VLDB International Conference on Very Large Data Bases: 2023, 2025
NeurIPS Neural Information Processing Systems: 2023, 2024
ICML International Conference on Machine Learning: 2024
ICLR International Conference on Learning Representations 2024, 2025
CIKM Conference on Information and Knowledge Management: 2021, 2022
DEEM Workshop @ SIGMOD Workshop on Data Management for End-to-End Machine Learning: 2023, 2024
DBML Workshop @ ICDE International Workshop on Databases and Machine Learning: 2023, 2024
DataPerf Workshop @ ICML Benchmarking Data for Data-Centric AI: 2022
WiML Workshop @ NeurIPS Women in Machine Learning Workshop: 2019
VLDB Journal The International Journal on Very Large Data Bases: 2023
ACM JDIQ Journal of Data and Information Quality: 2023
ACM TODS ACM Transactions on Database Systems: 2024
DMLR Journal on Data-centric Machine Learning Research: 2024
Nature SREP Nature Scientific Reports: 2023
AACR CR AACR Cancer Research: 2024 (shadow reviewer)
AACR CCR AACR Clinical Cancer Research: 2024 (shadow reviewer)

Organization

Table Representation Learning Workshop @ NeurIPS (co-organizer)
Workshop featuring invited speakers, a panel and papers aimed at advancing relational tables as a first-class data modality for deep learning research.
Venue: NeurIPS (2022, 2023)
Website

Data Centric AI Workshop @ Stanford and ETH (co-organizer)
Two-day workshop featuring panels and keynotes by leading figures from academia and industry centered around the emerging field of data-centric AI.
Venue: Hybrid event supported by Stanford HAI and ETH AI Center (2021)
Website Benchmark

Employment

2024 - Present

Broad Institute
Postdoctoral Scholar / Boston, USA

2024 - Present

Dana-Farber Cancer Institute
Research Fellow (CWR) / Department of Medical Oncology / Boston, USA
Developing methods for detecting genomic biomarkers from whole-slide images.

2024 - Present

Mass General Brigham
Non-Clinical Research Fellow / Cutaneous Biology Research Center / Boston, USA
Building a digital pathology pipeline for predicting clinical outcomes and associated biomarkers using whole-slide images of melanoma patients.

2022 - Present

Harvard University
Research Fellow / Harvard Medical School / Boston, USA
Developing methods for improving the quality of biomedical ML pipelines using data debugging techniques.

2019

Microsoft
Research Intern / Gray Systems Lab / Redmond, USA
Building a testing tool for ML models. Performing an extensive analysis of usage data from ML.NET feature engineering pipelines.

2018

Oracle
Research Intern / Oracle Labs / San Francisco Bay Area, USA
Developing an automated ensemble construction method for the Oracle Auto-ML system.

2016 - 2017

Logitech
Research and Development Intern / Lausanne, Switzerland
Applying machine learning and signal processing techniques to detect filler words in speech audio recordings.

2015 - 2016

EPFL Research Scholar Program
Research Scholar / LCBB Lab / Lausanne, Switzerland
Applying graph theory and development of algorithms for assigning absolute orientations to genetic markers.

2014 - 2015

EPFL Research Scholar Program
Research Scholar / LSIR Lab / Lausanne, Switzerland
Design, develop, and validate an improved App Permissions Dialog for Google Drive.

2012 - 2014

Microsoft
Software Design Engineer / Microsoft Development Center Serbia / Belgrade, Serbia
Worked in the SQL Server Parallel Data Warehouse Team (PDW) on development of a Microsoft big data solution.
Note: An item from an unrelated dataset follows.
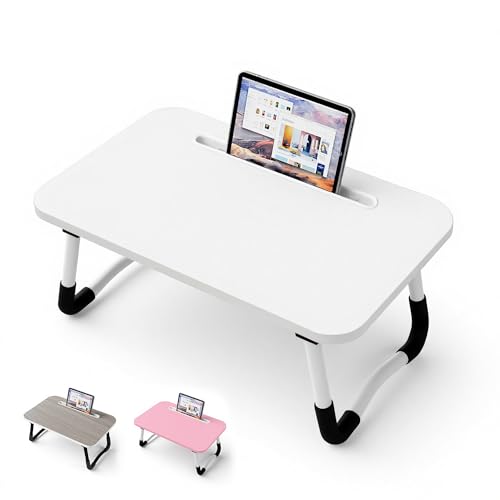 Small Laptop Bett Tisch - Laptoptisch 48 x 30 cm als Frühstückstablett, zum Essen, Lesen, Schreiben, Arbeiten, Laptop Ständer für Bett, Sofa, Büro und Zuhause (White)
Participated in all phases of the software development cycle, collaborated with various teams in the US, worked with a large code base and wrote maintainable production quality code.

Education

2018 - 2022

Eidgenössische Technische Hochschule (ETH)
PhD in Computer Science / DS3 Lab / Zürich, Switzerland
Thesis: Data Systems for Managing and Debugging Machine Learning Workflows

2014 - 2017

École polytechnique fédérale de Lausanne (EPFL)
Master in Computer Science / Lausanne, Switzerland
Thesis: Machine Learning Models for Network Flow Size Prediction

2008 - 2014

School of Electrical Engineering, Belgrade University (ETF)
Bachelor in Software Engineering / Belgrade, Serbia
Thesis: A Fast JSON Memory Object Model Implementation in C#

Personal

I speak English fluently, as well as intermediate German and French, and some beginner-level Spanish. My native language is Serbian. I enjoy running, hiking, skiing, scuba diving, books and videogames.